Médicos de um hospital ao sul de Tucumán, na Argentina, realizaram uma cesariana em uma menina de 11 anos estuprada pelo companheiro da avó. A menor deu à luz a um bebê de 600 gramas após insistir por um mês para que os médicos interrompessem a gestação.
De acordo com informações do jornal El País, o governo provincial ignorou o pedido da menina e na noite de terça-feira (26), quando estava com 23 semanas de gravidez, foi submetida a uma cesariana em um hospital público.
A menina chegou com a mãe ao hospital Eva Perón no dia 29 de janeiro. Ela disse que o estômago doía, mas na realidade estava em uma gravidez de 19 semanas. Ela chegou a contar que o namorado da avó a tinha estuprado. Mãe e filha solicitaram a aplicação do artigo da lei que, desde 1921, permite a interrupção legal da gravidez (ILE) em casos de crianças violentadas ou quando há risco para a mãe. A ILE poderia ter sido aplicada em menos de 48 horas, mas diferentes grupos feministas denunciaram que a província atrasou o quanto pôde a decisão até que a saúde do menor tornou inevitável a cesariana.

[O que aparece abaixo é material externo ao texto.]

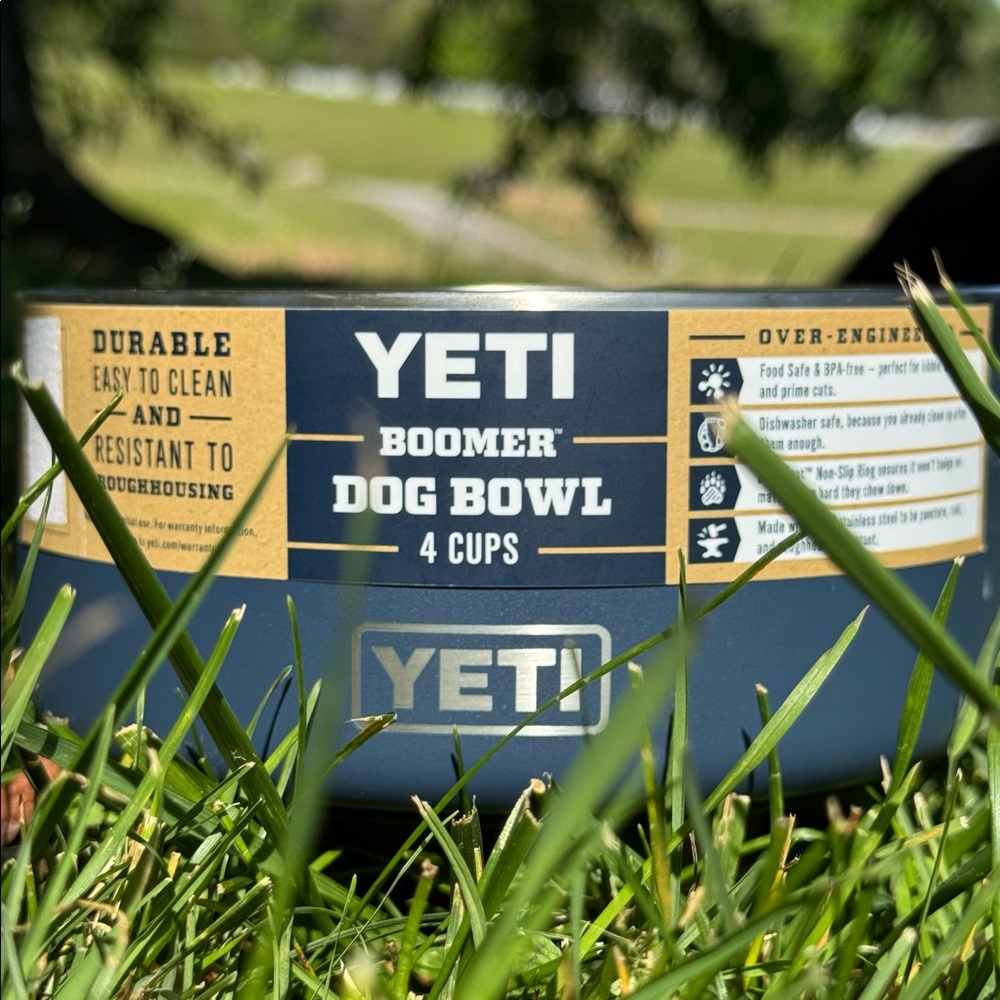 Navy Yeti Boomer Dog Bowl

O secretário da Saúde de Tucumán, Gustavo Vigliocco, disse à imprensa argentina que durante o processo manteve “proximidade com a menina e sua mãe. Avaliamos os riscos, mas ela tem estrutura grande, mais de 50 quilos”, disse.
No entanto, a declaração judicial da menor, divulgada pelo jornal Página 12, contradiz o funcionário. Atendida por uma psicóloga do hospital, a menina foi clara em seu desejo de realizar um aborto. “Quero que tirem isto que o velho colocou em mim”, disse ela.
Entenda o caso
A menina foi estuprada pelo companheiro da avó, que cuidava dela por ordem de um juiz. A mãe havia perdido a tutela da menor depois que o parceiro dela abusou de suas duas filhas mais velhas. Na terça-feira (26) à noite, o Sistema Provincial de Saúde de Tucumán (Siprosa) emitiu um comunicado informando a decisão de interromper a gravidez da menina depois que uma juíza agiu a pedido das organizações Advogadas e Advogados do Noroeste Argentino em Direitos Humanos e Estudos Sociais (Andhes) e Cladem. Mas o texto do Ministério era confuso: terminava com um pedido para que prosseguissem com “os procedimentos necessários a fim de salvar as duas vidas”. “A justiça ordenou que o protocolo seja cumprido, mas o Siprosa acrescentou essa nota com uma clara intenção de fazer pressão”, diz Florencia Vallino, da Andhes.
A cesárea era inevitável. “Entrei no quarto e encontrei uma menina brincando com bonecas em cima da cama. Fui chamada nessa mesma manhã, mas disse que não porque sou objetora. Decidi acompanhar meu marido que não é objetor, porque sabíamos que íamos encontrar uma imagem que nos ia chocar muito”, explicou a médica ao portal de notícias minutouno.com”, disse Cecilia Ousset, o ginecologista do sistema privado que operou a menina junto com o marido, o médico José Gigena.
Na sala de cirurgia, o casal constatou que toda a equipe médica se recusava a participar da intervenção. Viram também que o estado de saúde da menina, afetada pela hipertensão, e as semanas de gestação tornavam o aborto muito perigoso. Decidiram então realizar uma cesariana. “Era mais arriscado continuar com a gravidez do que fazer a cirurgia. Se não interrompêssemos a gravidez, essa menina morreria”, disse a médica.
O médico também falou sobre o ocorrido. Apontamos a responsabilidade do sistema, porque violou todos os direitos da menina. Ela entrou no dia 29 de janeiro e não deveria haver nenhuma dúvida na aplicação do ILE. Não queremos que isso aconteça novamente, que outra menina em Tucumán seja torturada dessa maneira”.